Just for reference, I've just tried this code with the current Neanderthal snapshot on the same machine I used for writing that post (i7 4790k) and got the following:
(with-progress-reporting (quick-bench (foldmap p+ 0.0 p* nx ny)))
;; Execution time mean : 189.349159 µs
It's a little bit faster than reported in the blog post (198 µs) but close. Please try to run that benchmark on your machine a couple of times and see whether there are some changes. Maybe the combination of the version and the settings of your JVM/OS have something to do with that, but it is difficult to say without data.
from fluokitten.
I should have specified all parameters at the first place. All configurations are:
- n=100000
- JVM version: OpenJDK 1.8.0
- OS: Linux Debian
- CPU: i5-3470
- Clojure 1.9.0
The computer I use is slow, yet it doesn't explain the huge performance differences. I also tried it on another Xeon E5-2686 machine this morning -- same results.
Further checking shows: fold
is reasonable fast, yet fmap
is the bottleneck. Another observation. In your post, you showed that
(fold (fmap * nx ny))
;; => ClassCastException clojure.core$_STAR_ cannot be cast to clojure.lang.IFn$DDD uncomplicate.neanderthal.impl.buffer-block/vector-fmap* (buffer_block.clj:349)
Yet in my tests, this code runs. I suspect you have a different fmap
which takes advantage of native MKL or GPU libraries, so you have super performance.
from fluokitten.
I think that I know what might be the source of the problem: the old Clojure compiler was somewhat inconsistent in applying protocol implementations, so it dispatches to the non-primitive function implementation in your case (why? I don't know). In my tests, Clojure 1.10 fixed this non-determinism.

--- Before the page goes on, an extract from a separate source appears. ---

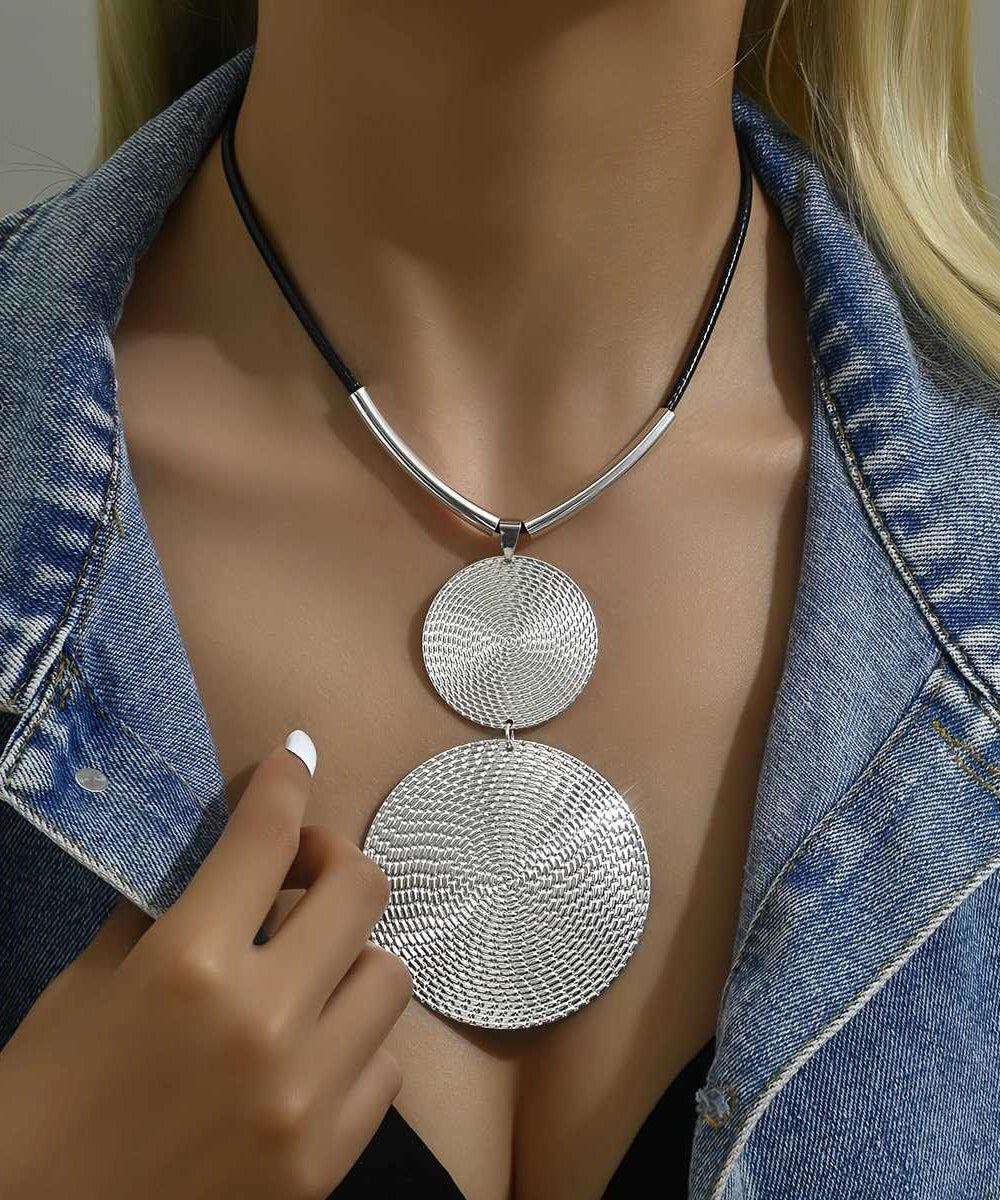 Metal Pendant Silk Bohemian Asymmetrical Necklace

Please upgrade the project to 1.10 and report the timings.
BTW fmap
does not use any MKL/GPU acceleration, it just eliminates various JVM bottlenecks. fold
does use MKL in a few simple cases where that is possible.
from fluokitten.
Just tested on Cojure 1.10, but still the performance is sluggish. Also (fold (fmap * nx ny))
runs under 1.10 in my case.
from fluokitten.
Here I create a project so you can check it out: fluokitten_test. Below are my run results:
Estimating sampling overhead
Warming up for JIT optimisations 10000000000 ...
compilation occurred before 463355 iterations
compilation occurred before 59757179 iterations
compilation occurred before 116734838 iterations
compilation occurred before 118124537 iterations
compilation occurred before 177418361 iterations
compilation occurred before 236712185 iterations
Estimating execution count ...
Sampling ...
Final GC...
Checking GC...
Finding outliers ...
Bootstrapping ...
Checking outlier significance
Warming up for JIT optimisations 5000000000 ...
Estimating execution count ...
Sampling ...
Final GC...
Checking GC...
Finding outliers ...
Bootstrapping ...
Checking outlier significance
Evaluation count : 36 in 6 samples of 6 calls.
Execution time mean : 16.717164 ms
Execution time std-deviation : 188.162809 µs
Execution time lower quantile : 16.481262 ms ( 2.5%)
Execution time upper quantile : 16.925771 ms (97.5%)
Overhead used : 9.915312 ns
from fluokitten.
When I tried your project as-is on my computer (but starting the benchmark from the repl instead of main), I got 4ms.
Then I added the direct linking option to :jvm-opts
in leiningen, and got a significant speedup, 800 microseconds.
:jvm-opts ^:replace ["-Dclojure.compiler.direct-linking=true"
"-XX:MaxDirectMemorySize=16g" "-XX:+UseLargePages"]
I restarted your project a few times with different versions of neanderthal (SNAPHOT and 0.20.4) and Clojure 1.8.0, 1.10.0, and I always got the same result.
However, when I started the repl from the benchmarks example project (https://github.com/uncomplicate/neanderthal/blob/master/examples/benchmarks/src/benchmarks/map_reduce.clj) I always get around 200 microseconds, as reported in the blog post.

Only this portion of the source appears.